What exactly do we mean by ‘inequality’?
What do we mean by “inequality,” and why exactly is it bad for American democracy? Are we discussing inequality of wages within a given firm or industry? Or inequality in household income — i.e., the difference between the poor and the middle class, or between the rich and everyone else? What about political inequality — is it a cause or an effect of economic inequality?
These are not idle questions, and to contemplate even incomplete answers appears, on the basis of these two books, to reveal a kind of knowledge inequality. Unless you’ve got a PhD in economics or political science and what Princeton University political scientist Martin Gilens calls “a virtual army of research assistants,” there’s not much chance that you’re going to reach airtight answers on your own.
Gilens and James K. Galbraith are among the few experts who’ve been working on the subject for more than a decade. Their conclusions reinforce the fears of those of us who’ve suspected that inequality is a blight on American society. Indeed, the damage to democratic values is not in some distant dystopian future: Gilens states plainly that the relationship between the policy desires of the wealthiest 10 percent of the population and actual federal public policy over recent decades “often corresponded more closely to a plutocracy than to a democracy.”
Yet both books offer some glimmer of hope, as well as findings that will surprise partisans on any side of the inequality debate.
If Galbraith is correct, the overwhelming majority of Americans have not experienced inequality directly. It’s not really the case that the poor or the middle class are getting poorer; rather, the rise in inequality comes from a very small number of rich people becoming ultrarich. Galbraith maintains that just five U.S. counties — three in northern California, one in Washington State where Microsoft is located, and New York County, aka Manhattan — are responsible for about half of the rise in inequality through the late 1990s, and just 15 counties — out of 3,143 counties nationwide — are responsible for all of it.
Galbraith believes that recent volatility in inequality levels stems almost entirely from the increased accumulation of wealth among those working at the top of the technology and finance sectors.
The biggest problem, he insists, is that in recent decades, we seem to have forgotten how to grow the economy except by increasing inequality. The result has been a series of bubbles, and bubbles always cause damage when they pop. Galbraith also trains his lens on Europe, and finds that the common assumption that Europe is “more equal” than the U.S. is untrue; precise measurements reveal that, aside from the handful of northern European social democracies, the opposite is true.
Gilens’s concerns are different, more pessimistic. He maintains that the poor and middle class have precious little representation in federal policymaking. Surveying a 40-year period, he finds that legislative outcomes almost never correspond to the public opinion preferences of the poor (at least when their expressed interests differ from those of the rich), whereas they much more frequently match the policy preferences of the wealthiest 10 percent. He does not flinch from the harsh conclusion: “The complete lack of government responsiveness to the preferences of the poor is disturbing and seems consistent only with the most cynical views of American politics.”

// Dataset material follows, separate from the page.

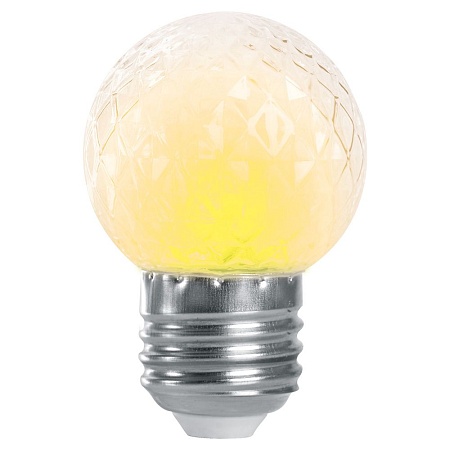 Лампа-строб Feron LB-377 Шарик прозрачный E27 1W 230V 2700K - фото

He could be underestimating the problem. Gilens looks at public opinion surveys, and whether or not a given policy is enacted. It’s entirely possible, though, for a law to pass that superficially pleases the poor and middle class, and then be implemented in ways that actually serve the interests of the rich. Such “wealth drift” would not show up in Gilens’s dataset. Moreover, he acknowledges that he cannot reliably measure the public policy preferences of the top 1 percent or one-tenth of a percent of the population, and it seems plausible that elected officials are even more responsive to the desires of that upper echelon than to the top 10 percent.
Gilens’s explanations are hardly surprising. Compared with the poor (and to a lesser extent the middle class), the affluent are more likely to vote; to volunteer for a campaign; and, crucially, to donate to campaigns, political parties and political action committees.
One reason why political inequality fails to generate much outrage is that the preferences of the economic elite do not uniformly correspond to policies of either left or right. Yes, wealthy Americans are more likely than their poorer fellow citizens to favor cuts in personal and capital gains taxes, and to oppose protectionist measures. At the same time, they are more likely to support gay rights, abortion and gun control, and are more likely to want to maintain or even increase foreign aid.
Gilens finds other reasons to avoid declaring democracy dead. Federal policy tends to mirror overall public opinion a bit more during presidential election years. And while political gridlock is much derided by commentators of all stripes, he argues that it can sometimes force policy outcomes that correspond more closely to public wants.
It’s also worth remembering that when Galbraith’s groundbreaking book Created Unequal was published in 1998, almost no one in America — from Congress to the media to the public square — was publicly discussing inequality. Now, at least, we are, and these two fascinating books will make that discussion better informed.